The following Schedules annexed to this Agreement are integral to, and form part of, this Agreement:

 

Schedule A

Description of the Products

 

Schedule B

[Blank]

 

 

Schedule C

[Blank]

 

 

Schedule D

Quotas

 

 

Schedule E

Prices

 

 

 

 

 

 

 

 

 

 

ARTICLE 2 DISTRIBUTOR

2.1

Distributor.  

Subject to the terms and conditions of this Agreement, Company hereby grants to Distributor the exclusive right to offer to sell, sell, export or otherwise disposing of Products in the Licensed Territory for the Term (the “Purpose”) and the non-exclusive right to Use the Patents, Products, Names and Marks in the Licensed Territory for the Term in relation to carrying out the Purpose.

2.2

Sublicense  

Distributor may not sublicense to any Person for the Term, including Company, to carry out the Purpose except in accordance with the terms of this Agreement.

2.3

Quotas.

Subject to the terms and conditions of this Agreement, Distributor agrees:

(a)           to purchase Products in such minimum quantities as set out in Schedule “D” hereto per twelve-month period ending on each anniversary of the Closing Date for the duration of the Term (“Year”).

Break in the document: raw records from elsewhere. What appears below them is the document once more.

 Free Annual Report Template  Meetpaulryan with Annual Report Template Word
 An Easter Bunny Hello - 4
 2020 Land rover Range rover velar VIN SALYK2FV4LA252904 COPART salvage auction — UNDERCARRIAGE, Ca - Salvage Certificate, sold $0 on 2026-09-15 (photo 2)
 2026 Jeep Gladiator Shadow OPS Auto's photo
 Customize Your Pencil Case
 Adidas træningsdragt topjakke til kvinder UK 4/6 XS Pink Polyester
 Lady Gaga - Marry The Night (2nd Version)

(b)           that during any Year, it may vary the quantity of units per type of Product that it purchases from Company if the total dollar amount spent by Distributor for the purchase of Products from Company in that Year equals the dollar amount that Distributor would have spent had it purchased the quantity of units per type of Product set out in Schedule “D” hereto.

2.4

Delivery.

Subject to the terms and conditions of this Agreement, Company agrees that in satisfaction of each order for Products from Distributor:

(a)

Company shall deliver all Products to Distributor promptly and FOB Destination;

(b)           Company shall deliver to Distributor only Products that meet or exceed the Health and Safety, bottling and labelling laws, regulations and standards of all jurisdictions of North America.

 

 

 


 

 

(c)           Company shall deliver to Distributor only Products that are of first class commercial quality and manufactured strictly in accordance with the Products’ specifications.

ARTICLE 3 PAYMENTS

3.1

Payment and Delivery of Shares.

(a)           Subject to the terms and conditions of this Agreement, the Parties agree that Distributor shall pay Company Thirty Million (30,000,000) restricted common shares (the “Shares”) upon Closing of this Agreement.

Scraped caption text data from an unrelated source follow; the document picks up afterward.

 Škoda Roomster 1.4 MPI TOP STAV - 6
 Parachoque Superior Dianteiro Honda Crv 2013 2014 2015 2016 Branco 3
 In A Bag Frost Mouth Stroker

(b)           The Distributor shall issue the shares from Treasury within seven days of the Effective Date. The shares will be held in escrow as a condition of the issuance of the Shares and released according to the terms and conditions of an escrow agreement governing the escrow and delivery or cancellation of the Shares to be agreed to and executed by the Parties.

(c)           Upon the delivery of notice of satisfaction of the Due Diligence review from Distributor to Company, Distributor shall pay the Shares to Company.

3.2

Tax.

Company acknowledges and agrees that it is responsible for all Taxes imposed on it in respect of the signing or performance of this Agreement and the receipt of the Shares.

3.3

Advice.

Company acknowledges and agrees that it has obtained legal advice from its own advisors with respect to the potential tax impact on it of in respect of the signing or performance of this Agreement and the receipt of the Shares.

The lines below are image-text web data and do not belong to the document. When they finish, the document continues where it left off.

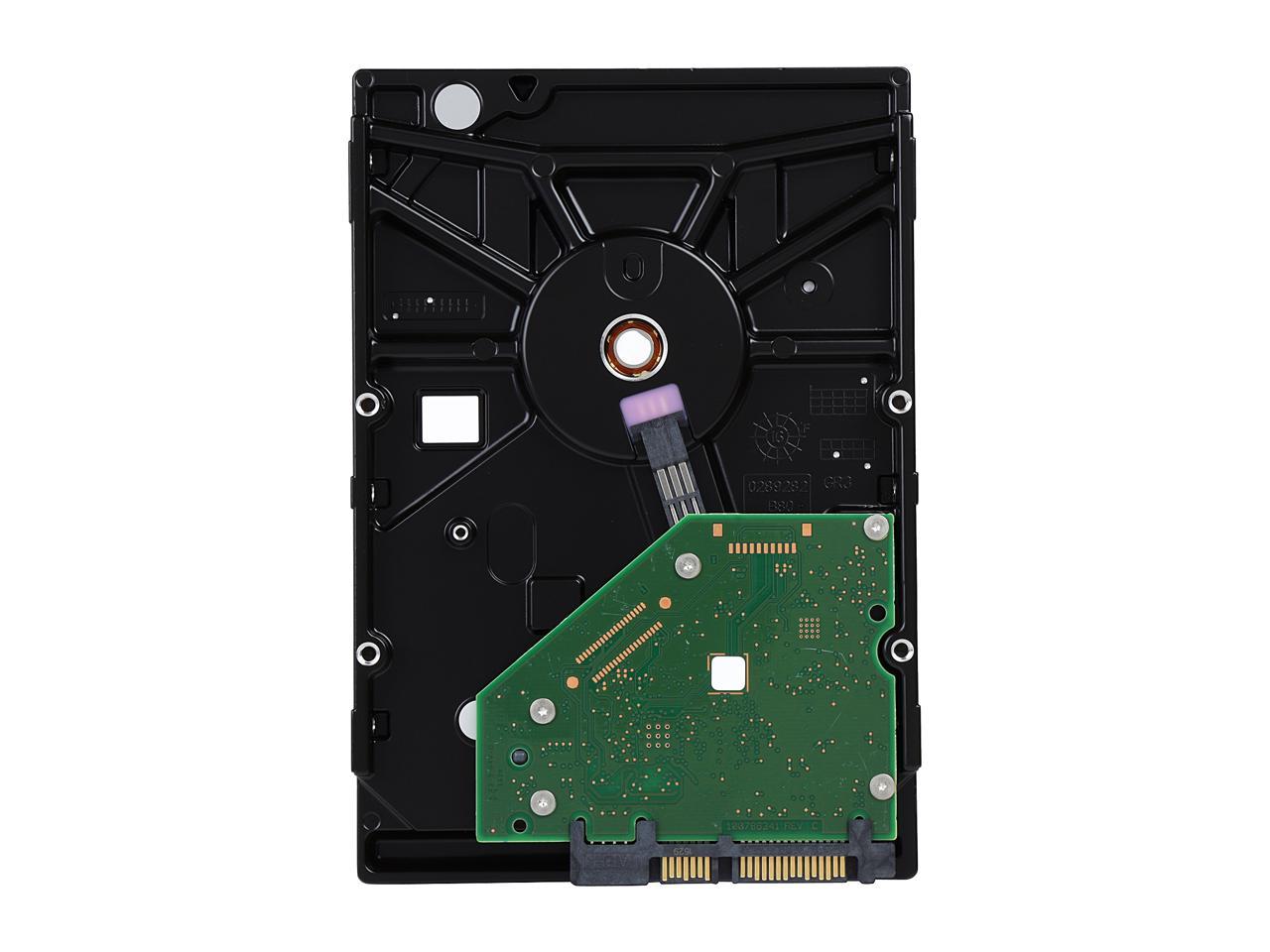 Seagate SkyHawk 4TB Surveillance Hard Drive 64MB Cache SATA 6.0Gb/s 3.5" Internal Hard Drive ST4000VX007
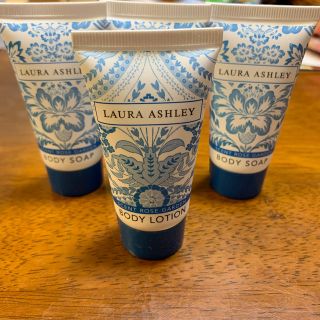 ローラアシュレイ(LAURA ASHLEY)のLAURA ASHLEY アメニティ(ボディソープ/石鹸)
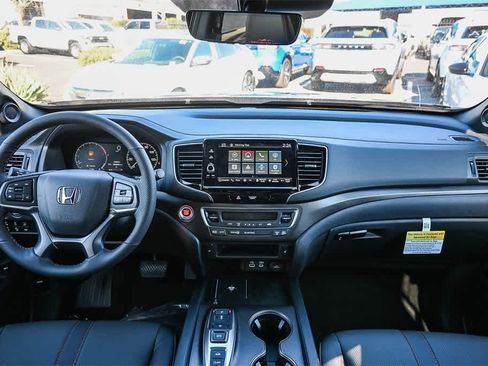 New 2026 Honda Ridgeline TrailSport+ image 18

ARTICLE 4 REPRESENTATIONS AND WARRANTIES

4.1

Company Representations and Warranties.  

Company represents, warrants and covenants as follows and acknowledges and agrees that the representations and warranties herein shall survive for the a period of one year from the Effective Date hereof:

(a)           Company is the lawful owner of all right and title to and interest in the Patents, free and clear (except security granted to the lenders of Company in its ordinary course of business) of all rights, interests in, mortgages, liens, charges, security interests, adverse claims, options, pledges, encumbrances and demands whatsoever in favour of any Person whomsoever including, without limiting the generality of the foregoing, any current or former employee or contractor of Company, or any lender to Company;

(b)           Company has all rights necessary to appoint the Distributor in accordance with the terms and conditions of this Agreement;

(c)           the Patents are in full force and effect and have not been used or enforced or failed to be used or enforced in a manner that would reasonably result in abandonment, cancellation or unenforceability; and,

(d)           Company has obtained or completed all necessary approvals and registrations to export the Patents hereunder.

 

 

 


 

 

4.2

Distributor Acknowledgements  

Distributor acknowledges and agrees as follows:

(a)           that it may describe itself as a Distributor of the Company’s products for the duration of the Term of this Agreement but that it shall not describe or characterize itself or enter into any transaction as an agent for the Company;

(b)          it shall use its commercially reasonable best efforts to sell the Products for the duration of the Term of this Agreement;

(c)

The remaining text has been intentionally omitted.